The Dove World Outreach Center plans to commemorate the September 11 terrorist attacks by burning copies of the Quran in a presumably sincere, but woefully misguided, belief that America is at war with the Islamic faith.
Burning books conjures up images of a time when Nazi brutality against a religious minority was state-sanctioned policy. The community will surely respond as suggested by University of Florida President Bernard Machen; by condemning post-9/11 intolerance of Muslims and people of Arab and south Asian descent and reaffirming a commitment to religious and ethnic diversity. Such a reaffirmation is urgently needed at this sad period in American history, when Islamophobia (really, anti-Muslim bigotry) may be becoming mainstream political rhetoric.
The ACLU of Florida encourages its members to stand with others in the community to protect the Muslim community's religious freedom to practice its faith.
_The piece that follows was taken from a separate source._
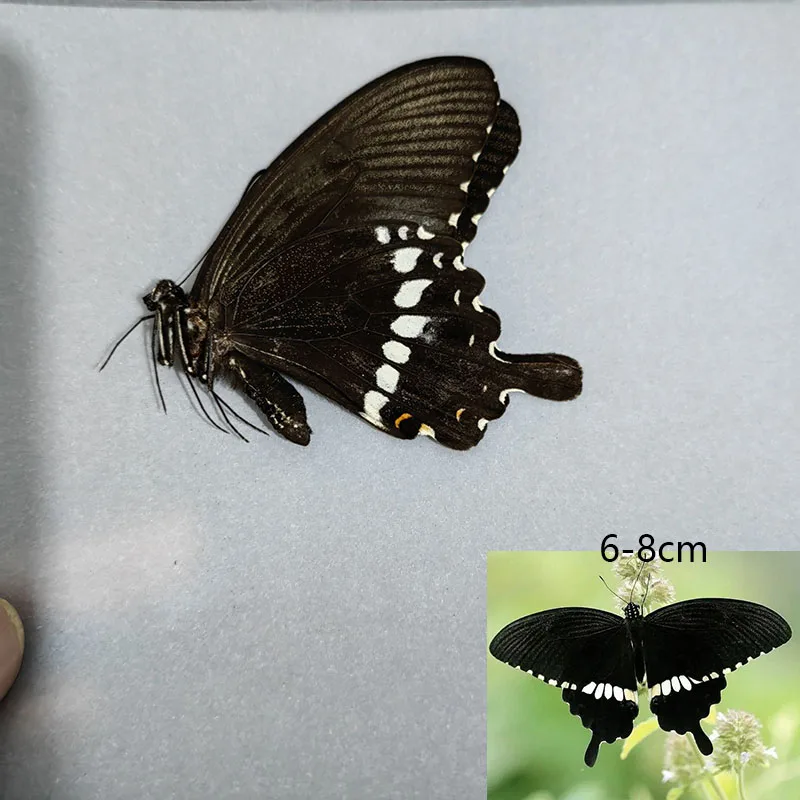 Набор образцов настоящей бабочки для украшения дома. Разные некрытые и ракушки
It is important that the voices of decency not let the book-burners and taunts of the bigots dominate the conversation — and ensure that the German writer Heinrich Heine's prophesy ("Where they have burned books, they will end in burning human beings.") is not repeated.
But with the guarantee of religious freedom for all, the fundamental American right to protest — an essential element of the First Amendment's guarantee of freedom of expression — should also be honored.
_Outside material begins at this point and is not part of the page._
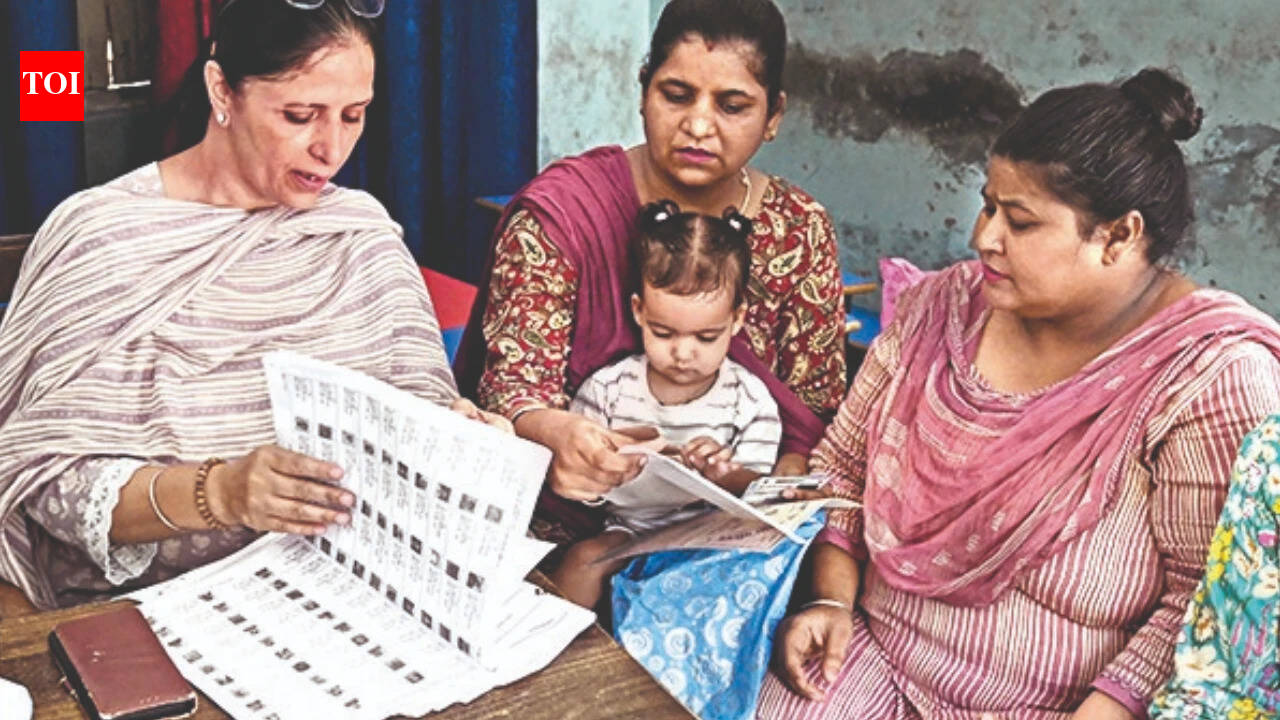 India60% of 33 lakh who received SIR notices in Delhi are now verified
As the Constitution protects the right to burn an American flag as a political protest, for the Ku Klux Klan to rally at a state capitol, for neo-Nazis to march down an American street, then surely there is a right to burn a Quran or any other sacred symbol.
As the Supreme Court said more than 60 years ago, a principal "function of free speech under our system of government is to invite dispute. It may indeed best serve its high purpose when it induces a condition of unrest, creates dissatisfaction with conditions as they are, or even stirs people to anger."
That constitutional principle protected freedom of speech for the racist and virulently anti-Semitic Father Terminello, who gave a racially charged rant to a restless crowd in Chicago in the 1940s. But it also protected the right of black college students to peacefully protest racially segregated restaurants in Louisiana — and Rosa B. Williams' protests of racially segregated facilities and department stores in Gainesville, almost two decades later.
The Dove World's religiously intolerant book-burning stunt should remind us that constitutional principles protecting their right to protest also protect everyone's right to protest — including the Gainesville community's right to protest Dove World's intolerance.
But defending the right of everyone to advance their point of view by whatever nonviolent methods they choose does not mean we should refrain from condemning the objectives of the protest. Bigotry should be condemned for what it is.
Those of us who will use freedom of speech to condemn the burning of Qurans and the distressing intolerance that will be on display on September 11 also need to protect the constitutional right to engage in hateful and bigoted speech. The legal principles that protect the Dove World's freedom of speech, as ugly and intolerant as it will be, also protect freedom of speech for everyone else. Weaken it for them, and we weaken it for everyone.
September 11 should be a reaffirmation of the principles that make America the beacon of liberty it still is — religious liberty and freedom of speech. We should demonstrate to the nation and the world how these uniquely American values work together.